- Work required: With the pictures left out, write out exactly the lines of the listing below that run from the line with "585 Essex St #318, Lynn, MA 01901 - Photo 5" through the line with "Basse-Ham Boat Rental".

- Data extracts:
——————————
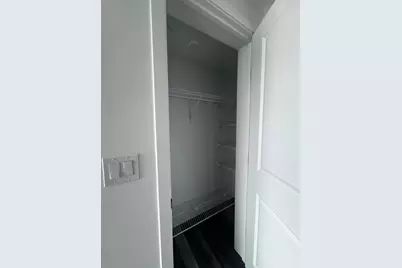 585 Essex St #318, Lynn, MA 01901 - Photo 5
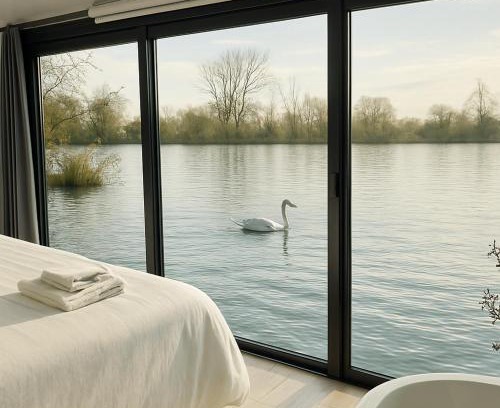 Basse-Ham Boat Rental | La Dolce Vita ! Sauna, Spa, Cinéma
——————————
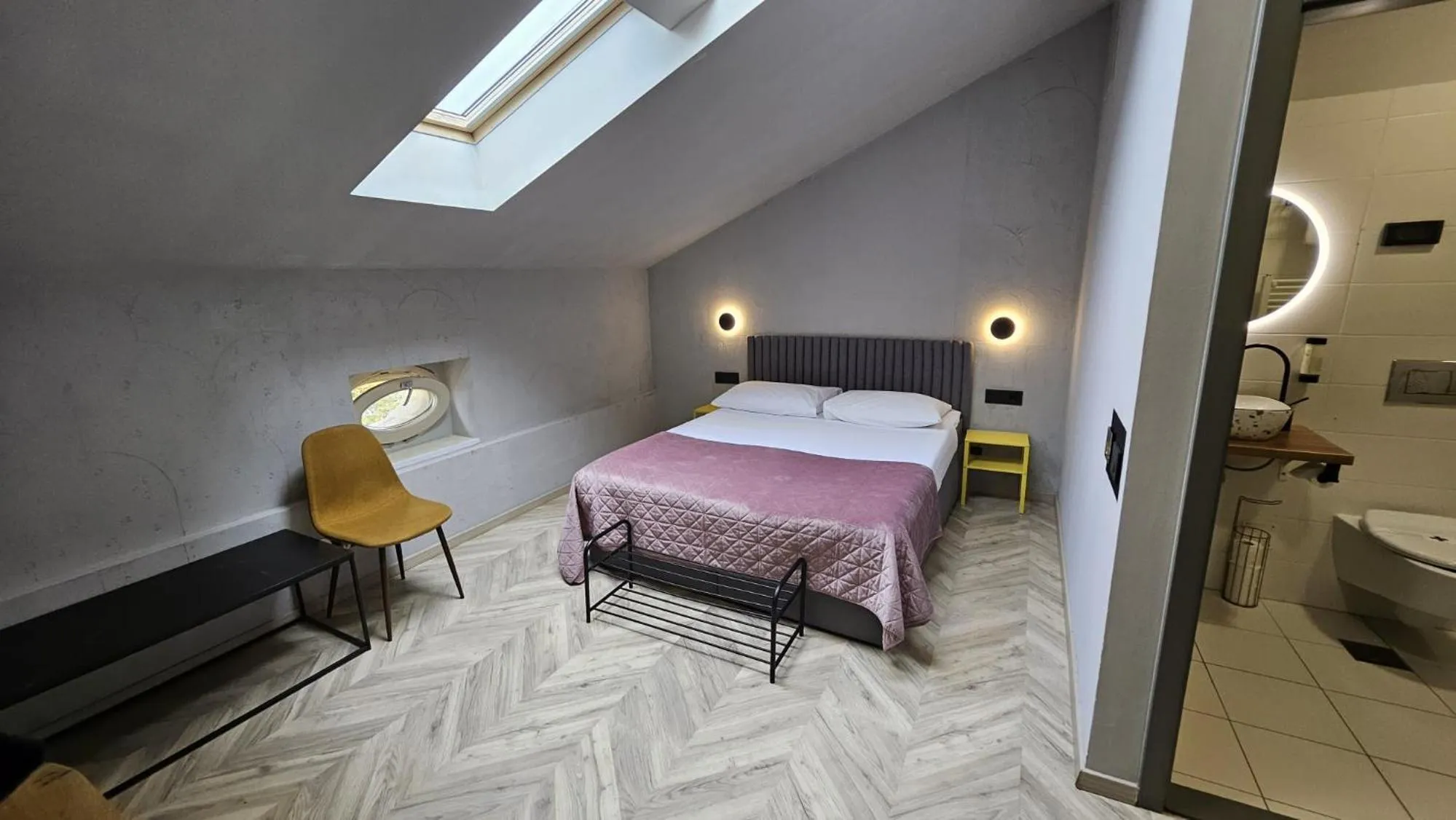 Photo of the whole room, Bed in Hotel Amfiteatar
——————————
- Result of the exercise:
 585 Essex St #318, Lynn, MA 01901 - Photo 5
 Basse-Ham Boat Rental | La Dolce Vita ! Sauna, Spa, Cinéma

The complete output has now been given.